88      It must also be noted that when, by the contested acts, the Council amended the annex to Decision 2014/119 and Annex I to Regulation No 208/2014, it added – as it had done when adopting the March 2019 acts – a new section entirely devoted to the rights of the defence and the right to effective judicial protection, which is divided into two parts.

89      The first part of that section contains a simple, general reference to the rights of the defence and the right to effective judicial protection under the Code of Criminal Procedure. In particular, reference is made first of all to the various procedural rights enjoyed by every person who is suspected or accused in criminal proceedings under Article 42 of the Code of Criminal Procedure. It is then stated, first, that, under Article 306 of the Code of Criminal Procedure, complaints against decisions, acts or omissions of the investigator or public prosecutor must be considered by an investigating judge of a local court in the presence of the complainant or his or her defence lawyer or legal representative. Secondly, it is stated, inter alia, that Article 309 of that code specifies the decisions of investigating judges that may be challenged on appeal. Lastly, it is made clear that a number of procedural investigating actions, such as the seizure of property and measures of detention, are only possible pursuant to a ruling by the investigating judge or a court.

90      The second part of the section concerns respect for the rights of defence and the right to effective judicial protection of each person whose name appears on the list. As regards more specifically the applicant, it is stated that, according to the information in the Council’s file, his rights of defence and his right to effective judicial protection were respected in the course of the criminal proceedings on which the Council relied, as is apparent, inter alia, from ‘a number of Court decisions relating to the seizure of property and … the decision … of 27 June 2018 cancelling the resolution of the prosecution refusing to grant the [application by the applicant’s legal representatives for the closure of] the investigation’ (see paragraph 36 above).

91      In the letter of 6 March 2020 sent to the applicant (see paragraph 37 above), the Council stated first of all that the information received from the PGO confirmed that the applicant remained subject to proceedings [confidential] in Ukraine for misappropriation of public funds or assets. Next, it indicated, first, that pending the implementation of the decision of 27 June 2018, those proceedings were still ongoing. Secondly, as regards the question of competence, the Council stated that the pre-trial investigation in those proceedings had been transferred to the Main Investigative Department of the National Police of Ukraine on 18 November 2019. Finally, as regards observance of the applicant’s rights of defence and his right to effective judicial protection, the Council stated that it was apparent from the decision of 27 June 2018, delivered following a public hearing in which the applicant’s lawyers participated and annulling the PGO’s decision by which it refused to grant the application for closure of the investigation lodged by the applicant’s legal representatives, that those rights had been respected.

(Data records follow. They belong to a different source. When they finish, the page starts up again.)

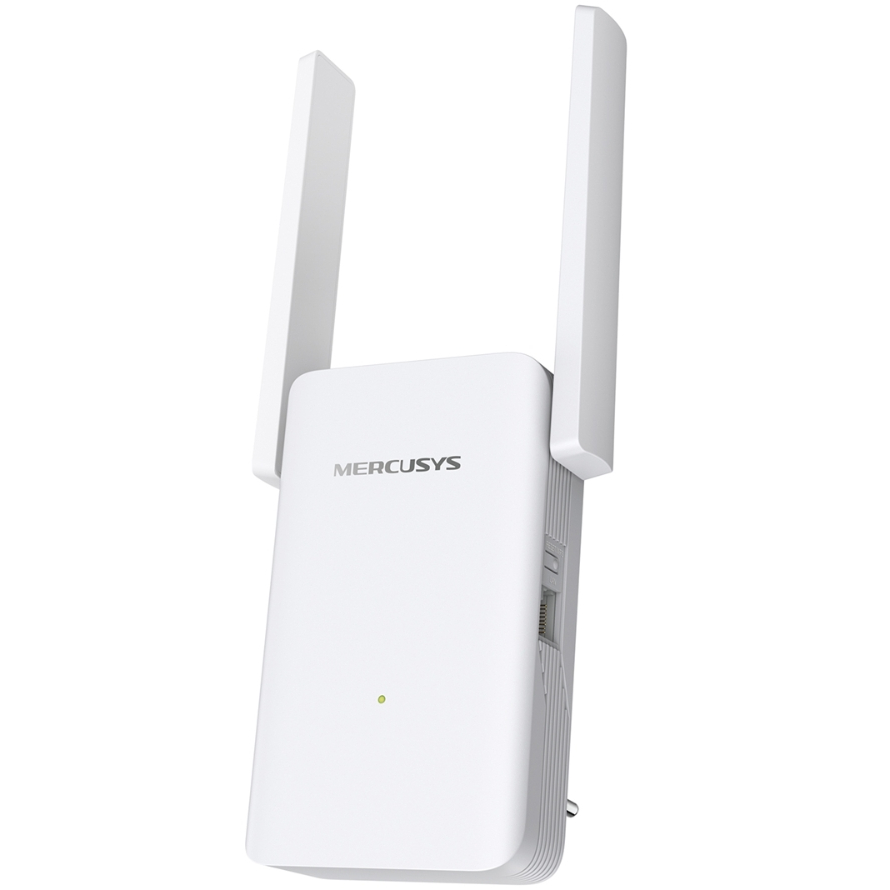 Wi-Fi повторювач MERCUSYS ME70X AX1800 1хGE LAN Стандарт Wi-Fi 802.11 b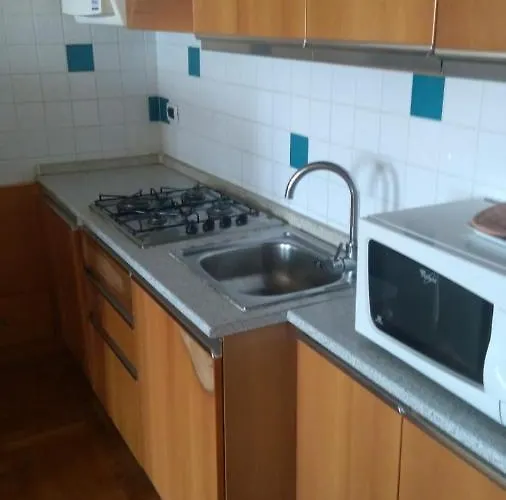 Ξενοδοχείο με διαμερίσματα Al Granzo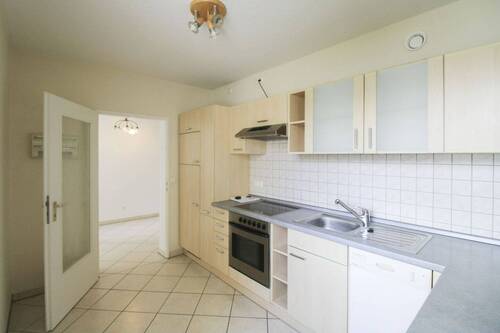 Küche - 3 Zimmer Etagenwohnung in Wolfsburg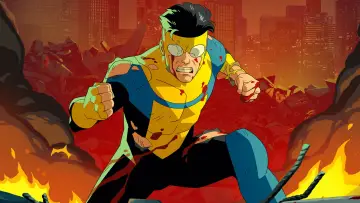Backdrop к сериалу "INVINCIBLE" #1270074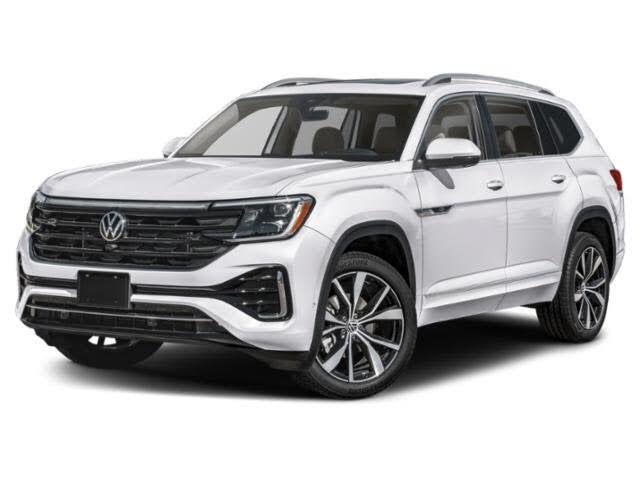 2026 Volkswagen Atlas SEL Premium R Line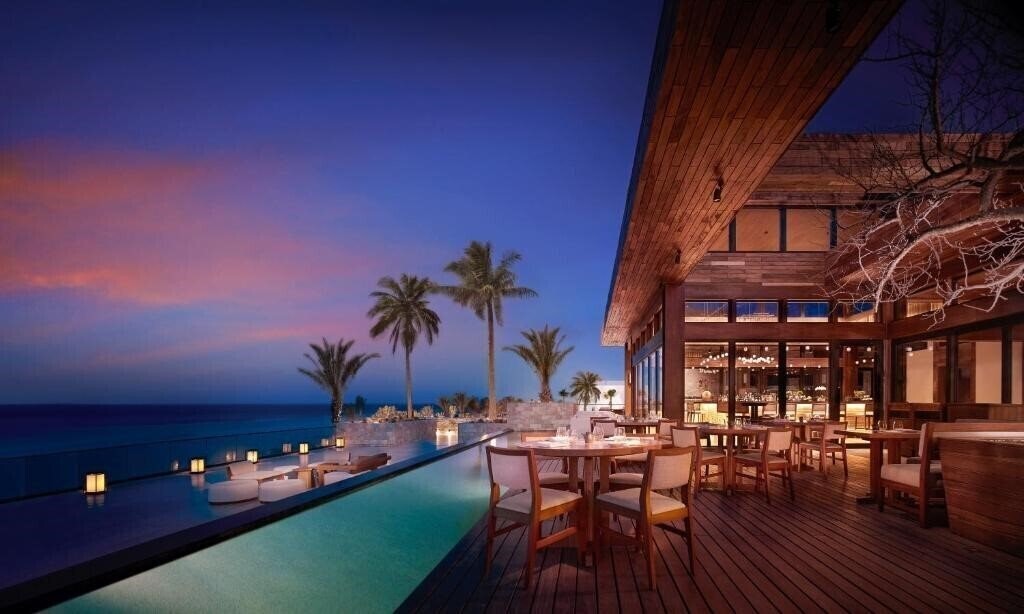 Панорама Nobu Hotel Los Cabos 5*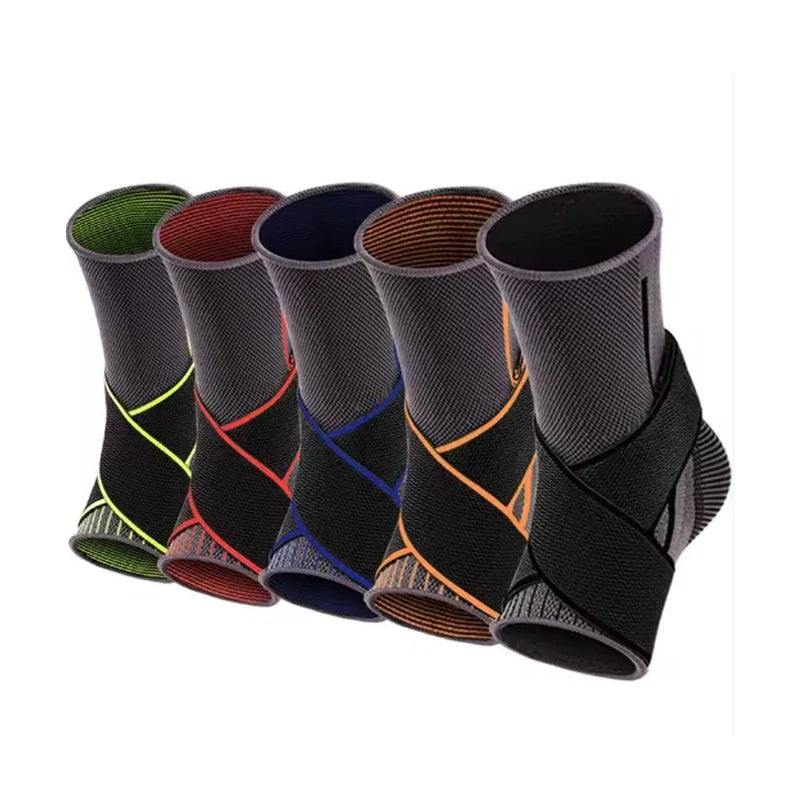 Adjustable Compression Ankle Support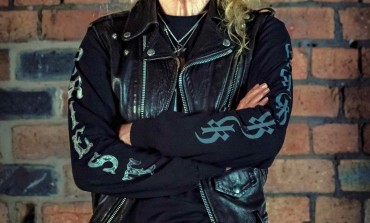 K K Downing Reveals The Release Of K K Priest's New Album 'The Sinner Rides Again' Has Re-Energised Him
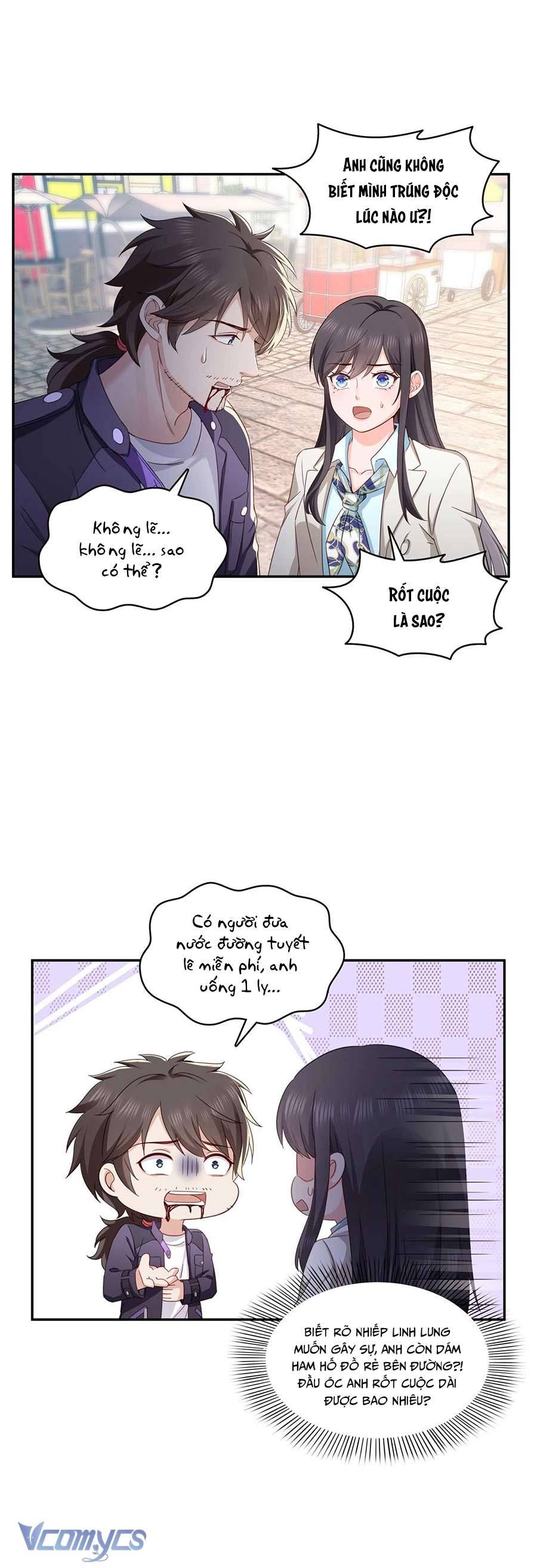 Hệt Như Hàn Quang Gặp Nắng Gắt chapter 503 - Trang 12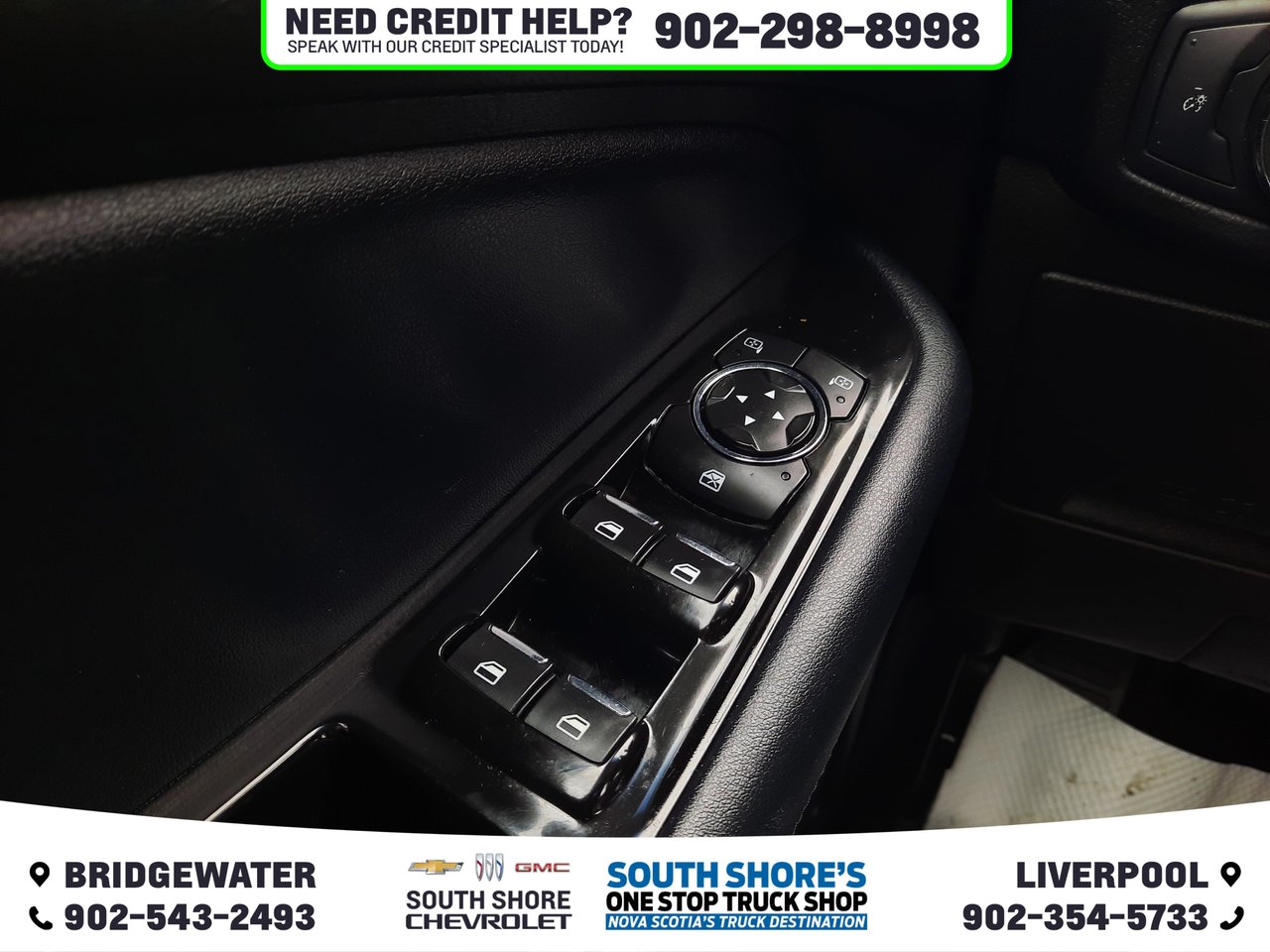 2018 Ford Edge SEL-10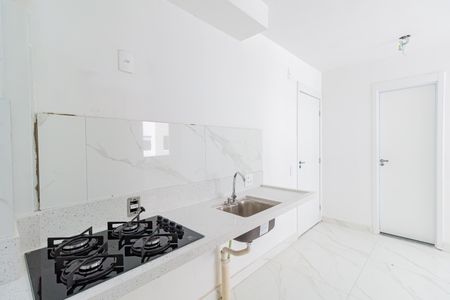 Apartamento para alugar com 32m², 2 quartos e sem vagaCozinha e Área de Serviço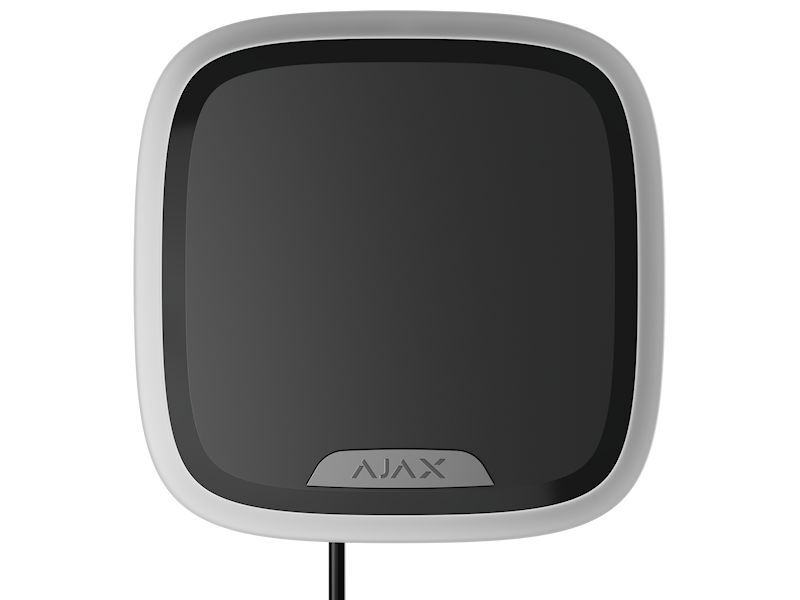 AJAX Superior StreetSiren Plus FIBRA Black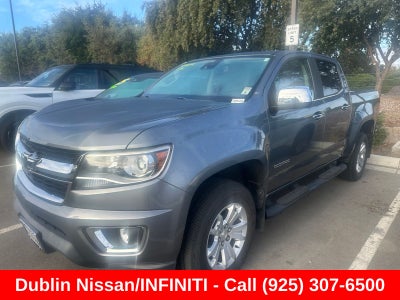 2019 Chevrolet Colorado LT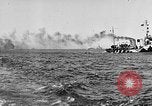 Standbild USA destroyer wenig Atlantik, 1918, aus Sekunde 33 historischem Filmmaterial Videoclip 65675049586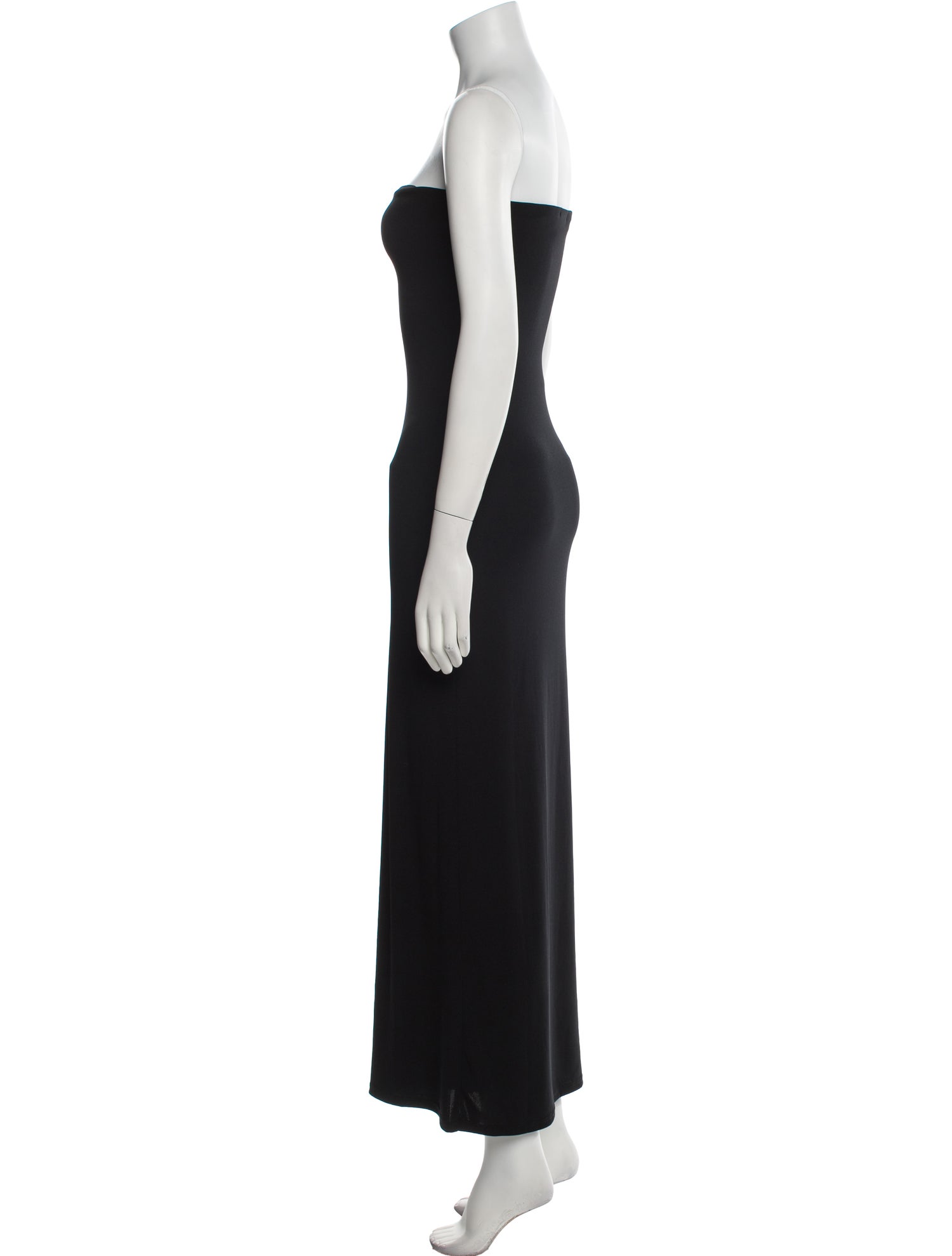 The Line by K Strapless Long Dress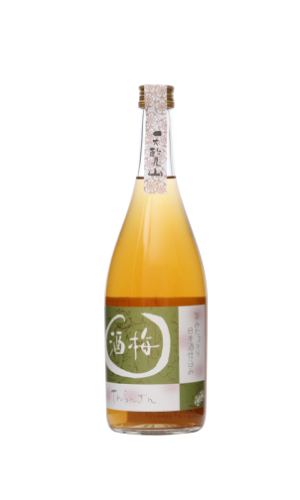 天覧山 梅酒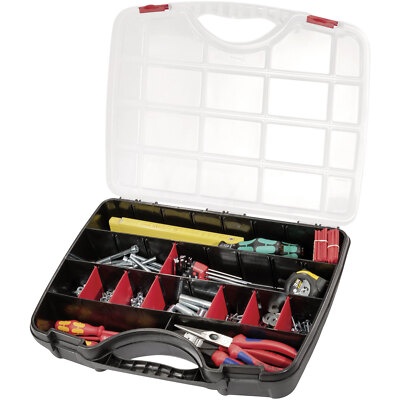 Parat 5853000391 PROFI-LINE Organizes S With 26 Compartments 1100g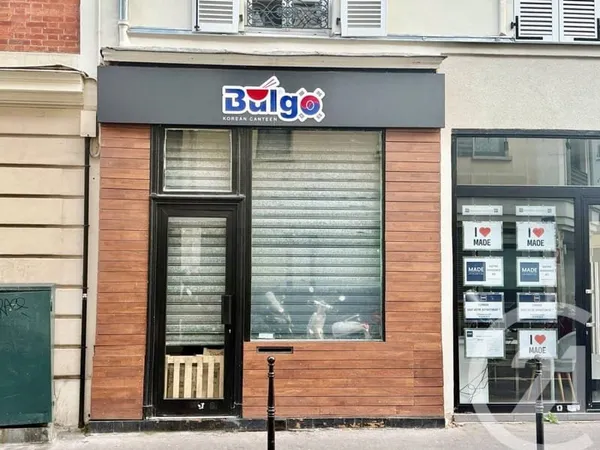 Local commercial 19 m²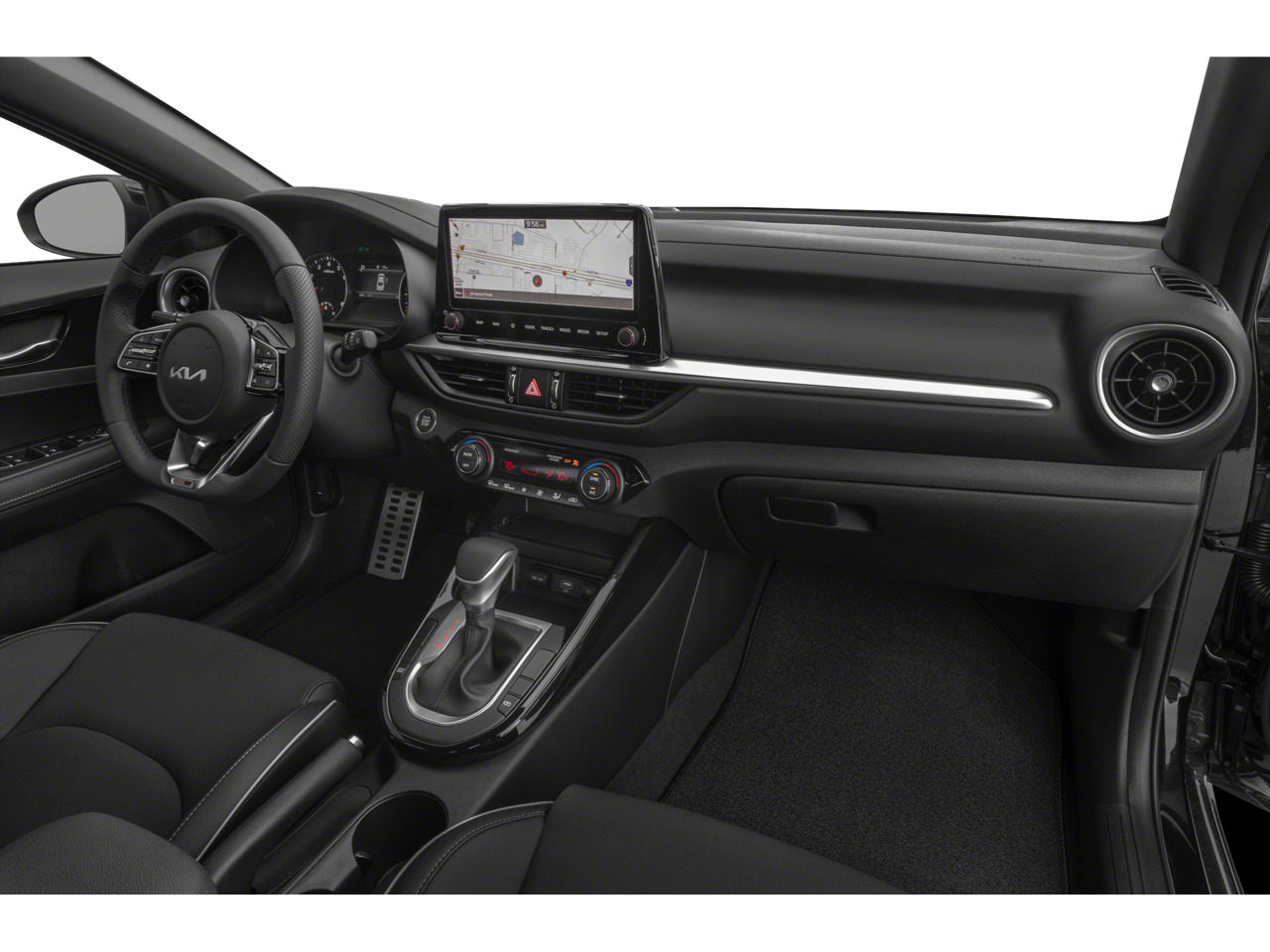 2024 Kia Forte Vehicle Photo in Tulsa, OK 74145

92      Thus, it is apparent from a combined reading of the reasons set out in the contested acts and in the letter of 6 March 2020 that proceedings [confidential] are the only proceedings in respect of which the Council demonstrates that it did actually verify whether the applicant’s rights of defence and his right to effective judicial protection had been respected, which was, moreover, confirmed by the Council itself in response to a question put by the Court at the hearing.

93      In that regard, it must be observed, at the outset, that the Council has failed to demonstrate to what extent the judicial decisions referred to in paragraph 90 above are evidence of observance of the applicant’s rights of defence and his right to effective judicial protection in the course of proceedings [confidential]. As stated in paragraphs 76 and 77 above, the Council was required, in this case, before deciding to maintain the restrictive measures at issue, to verify whether the decision of the Ukrainian judicial authorities to initiate and conduct criminal investigation proceedings in relation to offences constituting the misappropriation of public funds or assets allegedly committed by the applicant had been taken in accordance with those rights of the applicant (see, to that effect, judgment of 9 June 2021, Yanukovych v Council, T‑302/19, not published, EU:T:2021:333, paragraph 92 and the case-law cited).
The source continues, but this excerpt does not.